Molecular Mechanism of Precision Polymers as Novel Inhibitors of Beta-Amyloid Fibril Formation
Protein aggregation is responsible for many age-related deposition diseases. Among these, Alzheimer’s disease (AD) has been correlated with the formation of ß-amyloid (Aß) fibrils. Newly synthesized “precision polymers” in our lab have revealed a high inhibition activity against fibril formation with an unexpected dependence on polymer molecular weight. These compounds differ from our previous multivalent polymer-peptide conjugates (mPPCs) by the introduction of precisely controlled spacing between the active peptides, which offers many advantages in the drug-design phase.
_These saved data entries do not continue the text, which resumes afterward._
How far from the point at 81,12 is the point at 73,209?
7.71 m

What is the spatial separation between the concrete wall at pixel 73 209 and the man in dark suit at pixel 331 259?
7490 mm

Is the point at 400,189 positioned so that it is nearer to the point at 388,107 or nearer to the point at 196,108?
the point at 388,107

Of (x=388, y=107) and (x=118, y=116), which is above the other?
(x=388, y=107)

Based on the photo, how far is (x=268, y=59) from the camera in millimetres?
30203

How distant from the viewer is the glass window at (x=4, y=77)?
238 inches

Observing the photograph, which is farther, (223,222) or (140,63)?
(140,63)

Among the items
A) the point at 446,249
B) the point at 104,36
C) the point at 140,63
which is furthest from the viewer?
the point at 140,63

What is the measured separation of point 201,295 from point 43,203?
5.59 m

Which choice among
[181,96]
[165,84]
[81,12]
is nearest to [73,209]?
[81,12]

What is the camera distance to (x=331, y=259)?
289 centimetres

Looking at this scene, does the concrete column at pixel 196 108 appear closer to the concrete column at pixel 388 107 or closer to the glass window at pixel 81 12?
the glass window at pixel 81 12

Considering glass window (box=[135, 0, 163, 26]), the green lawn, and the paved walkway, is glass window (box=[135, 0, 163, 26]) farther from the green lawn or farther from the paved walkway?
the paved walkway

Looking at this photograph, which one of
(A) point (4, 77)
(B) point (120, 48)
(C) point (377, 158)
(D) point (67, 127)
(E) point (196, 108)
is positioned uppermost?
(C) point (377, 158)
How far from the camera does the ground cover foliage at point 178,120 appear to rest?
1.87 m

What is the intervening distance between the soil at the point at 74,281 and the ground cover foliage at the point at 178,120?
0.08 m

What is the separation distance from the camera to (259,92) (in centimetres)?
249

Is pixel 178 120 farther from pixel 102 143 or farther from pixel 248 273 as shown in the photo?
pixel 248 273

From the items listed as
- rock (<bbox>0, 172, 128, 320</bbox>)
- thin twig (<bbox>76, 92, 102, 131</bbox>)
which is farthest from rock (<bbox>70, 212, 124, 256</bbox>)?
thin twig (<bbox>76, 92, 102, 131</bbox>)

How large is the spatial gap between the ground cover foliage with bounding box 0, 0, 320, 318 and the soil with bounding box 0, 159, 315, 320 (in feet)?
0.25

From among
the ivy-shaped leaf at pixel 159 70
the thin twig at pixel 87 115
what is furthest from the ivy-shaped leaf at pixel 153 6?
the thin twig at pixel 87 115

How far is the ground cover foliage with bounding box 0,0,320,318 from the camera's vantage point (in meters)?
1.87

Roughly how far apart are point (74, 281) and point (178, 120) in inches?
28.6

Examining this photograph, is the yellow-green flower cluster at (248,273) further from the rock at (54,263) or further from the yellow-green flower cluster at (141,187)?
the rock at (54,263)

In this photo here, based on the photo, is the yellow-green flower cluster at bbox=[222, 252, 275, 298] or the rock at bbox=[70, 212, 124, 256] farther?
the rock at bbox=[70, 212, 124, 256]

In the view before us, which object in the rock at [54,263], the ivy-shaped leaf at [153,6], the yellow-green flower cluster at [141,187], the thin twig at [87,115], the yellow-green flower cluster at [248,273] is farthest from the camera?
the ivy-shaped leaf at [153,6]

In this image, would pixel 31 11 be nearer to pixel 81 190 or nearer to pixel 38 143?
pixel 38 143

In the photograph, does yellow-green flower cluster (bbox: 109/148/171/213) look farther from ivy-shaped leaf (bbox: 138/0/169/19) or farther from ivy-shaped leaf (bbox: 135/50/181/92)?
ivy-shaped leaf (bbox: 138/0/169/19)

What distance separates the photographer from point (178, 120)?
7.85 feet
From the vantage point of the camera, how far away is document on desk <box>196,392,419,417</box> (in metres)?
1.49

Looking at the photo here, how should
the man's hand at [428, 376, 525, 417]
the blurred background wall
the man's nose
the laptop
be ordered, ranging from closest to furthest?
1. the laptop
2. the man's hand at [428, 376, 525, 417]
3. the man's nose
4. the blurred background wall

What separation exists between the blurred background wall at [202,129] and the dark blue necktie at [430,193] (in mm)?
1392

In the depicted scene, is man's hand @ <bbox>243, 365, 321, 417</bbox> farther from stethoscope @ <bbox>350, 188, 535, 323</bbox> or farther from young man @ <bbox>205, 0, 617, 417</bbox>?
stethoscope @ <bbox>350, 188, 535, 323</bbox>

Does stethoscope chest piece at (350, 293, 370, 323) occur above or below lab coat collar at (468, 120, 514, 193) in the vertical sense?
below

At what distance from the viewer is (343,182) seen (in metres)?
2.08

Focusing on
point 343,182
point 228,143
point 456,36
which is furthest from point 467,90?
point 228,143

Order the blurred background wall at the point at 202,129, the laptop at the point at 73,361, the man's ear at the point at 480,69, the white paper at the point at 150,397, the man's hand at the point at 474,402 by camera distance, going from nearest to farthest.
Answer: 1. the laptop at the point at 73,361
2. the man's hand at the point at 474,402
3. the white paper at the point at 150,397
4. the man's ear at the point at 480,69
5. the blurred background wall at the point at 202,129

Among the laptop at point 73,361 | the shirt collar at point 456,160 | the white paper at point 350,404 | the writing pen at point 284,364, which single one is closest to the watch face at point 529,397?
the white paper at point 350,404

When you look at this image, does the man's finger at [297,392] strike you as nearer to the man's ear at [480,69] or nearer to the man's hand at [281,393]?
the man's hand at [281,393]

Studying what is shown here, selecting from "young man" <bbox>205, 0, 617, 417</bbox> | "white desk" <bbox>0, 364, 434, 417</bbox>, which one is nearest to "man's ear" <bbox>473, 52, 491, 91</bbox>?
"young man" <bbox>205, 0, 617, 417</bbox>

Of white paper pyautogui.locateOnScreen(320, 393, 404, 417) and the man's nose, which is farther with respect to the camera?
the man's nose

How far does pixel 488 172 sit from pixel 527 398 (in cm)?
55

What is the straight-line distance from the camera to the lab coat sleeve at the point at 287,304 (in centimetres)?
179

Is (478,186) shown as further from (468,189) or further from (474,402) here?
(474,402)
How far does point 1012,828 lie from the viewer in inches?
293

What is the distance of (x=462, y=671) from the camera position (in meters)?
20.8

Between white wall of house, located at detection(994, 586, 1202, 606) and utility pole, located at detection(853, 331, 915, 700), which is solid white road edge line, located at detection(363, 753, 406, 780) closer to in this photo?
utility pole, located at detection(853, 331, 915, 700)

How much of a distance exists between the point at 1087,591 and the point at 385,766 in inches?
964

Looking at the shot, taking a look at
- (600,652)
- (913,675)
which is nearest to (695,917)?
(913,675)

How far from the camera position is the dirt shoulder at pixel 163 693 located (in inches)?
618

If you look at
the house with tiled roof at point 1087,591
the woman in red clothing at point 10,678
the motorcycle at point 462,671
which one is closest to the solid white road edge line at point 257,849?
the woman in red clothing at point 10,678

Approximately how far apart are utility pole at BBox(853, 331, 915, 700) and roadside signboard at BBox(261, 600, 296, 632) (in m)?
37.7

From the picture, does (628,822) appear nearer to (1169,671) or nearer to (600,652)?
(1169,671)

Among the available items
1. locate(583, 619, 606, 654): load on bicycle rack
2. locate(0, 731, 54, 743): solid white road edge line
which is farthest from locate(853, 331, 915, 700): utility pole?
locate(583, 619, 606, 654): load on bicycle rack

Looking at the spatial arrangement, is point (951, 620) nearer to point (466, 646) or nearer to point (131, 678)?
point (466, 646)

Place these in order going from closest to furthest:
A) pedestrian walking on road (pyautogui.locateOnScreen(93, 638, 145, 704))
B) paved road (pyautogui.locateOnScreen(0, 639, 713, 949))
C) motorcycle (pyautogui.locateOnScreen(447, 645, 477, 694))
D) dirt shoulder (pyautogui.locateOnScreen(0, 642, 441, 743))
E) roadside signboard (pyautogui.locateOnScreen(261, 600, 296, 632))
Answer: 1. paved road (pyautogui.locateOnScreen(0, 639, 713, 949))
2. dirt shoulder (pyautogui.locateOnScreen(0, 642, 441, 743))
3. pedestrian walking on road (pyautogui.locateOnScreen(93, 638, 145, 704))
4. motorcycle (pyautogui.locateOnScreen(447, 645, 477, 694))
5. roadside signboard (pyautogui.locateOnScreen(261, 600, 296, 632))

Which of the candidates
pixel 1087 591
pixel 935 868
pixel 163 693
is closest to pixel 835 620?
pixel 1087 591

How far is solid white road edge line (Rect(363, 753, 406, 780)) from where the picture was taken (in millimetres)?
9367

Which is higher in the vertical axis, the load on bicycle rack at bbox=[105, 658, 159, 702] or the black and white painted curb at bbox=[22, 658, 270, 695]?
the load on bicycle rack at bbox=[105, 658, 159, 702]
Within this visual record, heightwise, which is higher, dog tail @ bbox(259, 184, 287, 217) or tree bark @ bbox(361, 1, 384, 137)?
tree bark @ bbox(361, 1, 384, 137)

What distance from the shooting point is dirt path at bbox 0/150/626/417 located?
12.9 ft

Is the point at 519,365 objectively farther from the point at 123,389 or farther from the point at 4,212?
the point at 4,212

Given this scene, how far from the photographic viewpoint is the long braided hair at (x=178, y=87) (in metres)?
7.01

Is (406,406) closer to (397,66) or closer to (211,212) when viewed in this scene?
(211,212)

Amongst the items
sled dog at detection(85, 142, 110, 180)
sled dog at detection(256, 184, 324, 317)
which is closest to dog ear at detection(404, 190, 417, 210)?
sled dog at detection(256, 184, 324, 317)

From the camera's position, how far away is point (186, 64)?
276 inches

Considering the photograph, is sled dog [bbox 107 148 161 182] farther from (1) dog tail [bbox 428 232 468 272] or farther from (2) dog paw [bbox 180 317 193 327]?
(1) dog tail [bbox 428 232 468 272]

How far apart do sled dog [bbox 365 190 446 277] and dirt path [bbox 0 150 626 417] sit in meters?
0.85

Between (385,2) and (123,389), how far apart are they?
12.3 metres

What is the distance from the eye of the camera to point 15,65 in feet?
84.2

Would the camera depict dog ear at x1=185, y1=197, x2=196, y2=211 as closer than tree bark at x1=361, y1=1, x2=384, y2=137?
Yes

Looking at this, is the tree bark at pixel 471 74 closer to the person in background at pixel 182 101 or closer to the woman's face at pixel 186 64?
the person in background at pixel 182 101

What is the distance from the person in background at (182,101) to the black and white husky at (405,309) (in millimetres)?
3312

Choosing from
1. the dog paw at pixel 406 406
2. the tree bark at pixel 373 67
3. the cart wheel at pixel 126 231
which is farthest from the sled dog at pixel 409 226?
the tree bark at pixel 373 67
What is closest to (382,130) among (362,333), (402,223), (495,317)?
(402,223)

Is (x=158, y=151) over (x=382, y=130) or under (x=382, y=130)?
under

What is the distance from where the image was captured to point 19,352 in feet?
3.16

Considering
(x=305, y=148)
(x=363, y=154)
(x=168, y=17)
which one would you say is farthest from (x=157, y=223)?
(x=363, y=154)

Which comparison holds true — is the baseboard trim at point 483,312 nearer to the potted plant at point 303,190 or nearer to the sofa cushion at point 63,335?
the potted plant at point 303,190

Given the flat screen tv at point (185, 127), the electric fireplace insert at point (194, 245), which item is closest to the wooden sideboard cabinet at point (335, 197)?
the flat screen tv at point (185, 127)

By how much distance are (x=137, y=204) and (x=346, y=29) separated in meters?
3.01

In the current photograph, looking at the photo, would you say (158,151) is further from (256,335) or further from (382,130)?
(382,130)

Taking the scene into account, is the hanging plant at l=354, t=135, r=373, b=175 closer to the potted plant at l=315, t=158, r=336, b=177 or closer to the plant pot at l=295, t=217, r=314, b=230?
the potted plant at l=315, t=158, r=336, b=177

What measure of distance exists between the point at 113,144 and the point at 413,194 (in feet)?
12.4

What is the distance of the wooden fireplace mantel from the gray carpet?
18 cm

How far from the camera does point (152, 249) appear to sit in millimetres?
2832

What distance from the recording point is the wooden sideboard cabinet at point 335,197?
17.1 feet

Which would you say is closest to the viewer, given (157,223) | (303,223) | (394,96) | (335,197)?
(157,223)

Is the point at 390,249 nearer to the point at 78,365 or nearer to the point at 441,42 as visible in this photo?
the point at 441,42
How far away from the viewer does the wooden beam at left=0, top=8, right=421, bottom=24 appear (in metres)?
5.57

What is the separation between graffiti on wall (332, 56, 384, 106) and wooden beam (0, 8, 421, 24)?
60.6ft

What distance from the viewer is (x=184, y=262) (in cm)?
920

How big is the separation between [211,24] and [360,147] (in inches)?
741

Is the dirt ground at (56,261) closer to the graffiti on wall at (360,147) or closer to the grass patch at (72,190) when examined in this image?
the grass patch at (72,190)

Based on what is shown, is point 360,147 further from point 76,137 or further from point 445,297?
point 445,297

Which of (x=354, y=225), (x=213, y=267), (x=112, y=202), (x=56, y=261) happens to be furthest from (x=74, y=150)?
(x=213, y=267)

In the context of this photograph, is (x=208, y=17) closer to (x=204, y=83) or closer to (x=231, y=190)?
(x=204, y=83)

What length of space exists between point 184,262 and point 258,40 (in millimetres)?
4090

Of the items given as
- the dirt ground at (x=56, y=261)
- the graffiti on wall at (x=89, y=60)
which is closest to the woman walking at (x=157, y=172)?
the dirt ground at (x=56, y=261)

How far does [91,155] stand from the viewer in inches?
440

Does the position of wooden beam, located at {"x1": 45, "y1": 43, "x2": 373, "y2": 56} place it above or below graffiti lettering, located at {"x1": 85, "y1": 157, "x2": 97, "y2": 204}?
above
To investigate the effect of spatial control and the mechanistic details of oligomerization inhibition and fibril disassembly, we propose to perform all-atom molecular dynamics (MD) simulations of these precision polymers with and without Aß oligomers. The proposed simulations will shed light on the structural features of the precision polymers and their interaction with amyloid aggregates and will inspire the design of more active inhibitors by identifying binding sites and key intermolecular interactions.
Using our 2019 Blue Waters allocation, we were able to build and simulate a full periodic Aß fibril of 2 million atoms in size for hundreds of nanoseconds. These simulations provided a ready-to-use fibril model to test novel inhibitors and will be employed here to study the effect of the precision polymers. In this project, temperature replica exchange MD (T-REMD) will be adopted as an efficient sampling technique to explore the conformational space of these complex molecular systems.